Asylum seekers arriving by boat are not a ‘security’ issue in any logical sense of the term. In the 2007-08 financial year, close to 12 million people arrived in Australia from overseas for one reason or another. Almost none of them would have had their health, security and personal histories examined more closely than asylum seekers arriving by boat. Asylum seekers do not try to sneak into the country undetected, they announce themselves on arrival to ask for protection, so they do not ‘threaten our borders’ in any meaningful sense of the term.
It also wouldn’t hurt to remind ourselves that many things about refugees settling in Australia are a benefit to us, not a “problem”. There is plenty of evidence to show that refugees of all types have provided long-term economic and social gains to our country, even without measuring some of the more intangible benefits that derive from goodwill and from in-depth knowledge of languages, cultures and experiences from parts of the world that are foreign to most other Australians.
None of this is to deny that asylum seekers present some difficult policy dilemmas. But we should at least seek to address those dilemmas through a logical framework. And we should never forget that the dilemmas faced by almost all asylum seekers are far, far worse than what most Australians have to face.
ELSEWHERE: Further details of the Liberal’s possible position in this piece from The Age. While the article has less of Kevin Rudd’s odd/incomprehensible comment, it has the beautifully succinct comment from Immigration Minister Chris Evans that the TPV “didn’t actually deter people, it just made them suffer”.
That’s probably all anyone needs to know really.
One Comment
Hi Andrew,
I very much support your view,
• Asylum seekers do not try to sneak into the country undetected, they announce themselves on arrival to ask for protection, so they do not ‘threaten our borders’ in any meaningful sense of the term.
I think that everyone needs to remind themselves that Asylum seekers are actual people like us, which have obvious threat to their lives; otherwise they wouldn’t be seeking protection from Australia. I think people sit comfortably in Australia, no realising that there are so many people out there that don’t have the luxury of what we have day to day.
Bringing back a policy that obvious did more harm than good, is a step back in the right direction. Why bring back a policy that enforces the inability to reunite Asylum Seekers and Refugees with their family, uncertainty of their future status and the potential threat of being deported to a country in which their safety is at risk (http://www.multiculturalaustralia.edu.au/hotwords/unpack/Temporary.protection.visa)

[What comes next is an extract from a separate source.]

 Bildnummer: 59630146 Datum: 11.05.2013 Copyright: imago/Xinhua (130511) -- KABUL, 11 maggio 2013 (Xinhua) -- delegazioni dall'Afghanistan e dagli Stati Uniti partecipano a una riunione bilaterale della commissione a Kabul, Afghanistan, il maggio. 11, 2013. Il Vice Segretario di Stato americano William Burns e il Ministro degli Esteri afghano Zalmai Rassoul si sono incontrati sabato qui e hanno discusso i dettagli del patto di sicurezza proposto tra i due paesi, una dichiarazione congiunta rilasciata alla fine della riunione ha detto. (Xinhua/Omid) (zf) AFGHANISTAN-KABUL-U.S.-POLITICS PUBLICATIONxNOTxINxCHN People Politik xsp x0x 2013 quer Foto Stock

A Subliminal message to refugees was, as submitted to the Labor Federal Caucus Social Policy Committee, at a Perth hearing during August 2006:
“…all right, we admit you’re a refugee for now, but if you can’t stand the immense pain of your wife and children living away from you on the other side of the world, you can bugger off, because you will loose your visa if you dare to leave our country to remind yourself of your wife or children – no exceptions, even if they are all dying, or if your wife becomes interested in another man, because you abandoned them and came to Australia and no matter whether your children may think that you have abandoned them or grow up to not even recognise you if you would meet them somewhere on this planet in the future.” (http://www.safecom.org.au/end-of-tpvs.htm)
This is a horrible message, it portrays Australia to be cold, ruthless and unkind toward people in honest need of protection. To bring back this policy would be inhumane and damaging not only to the all the Asylum Seekers and Refugees but to the way people view Australia.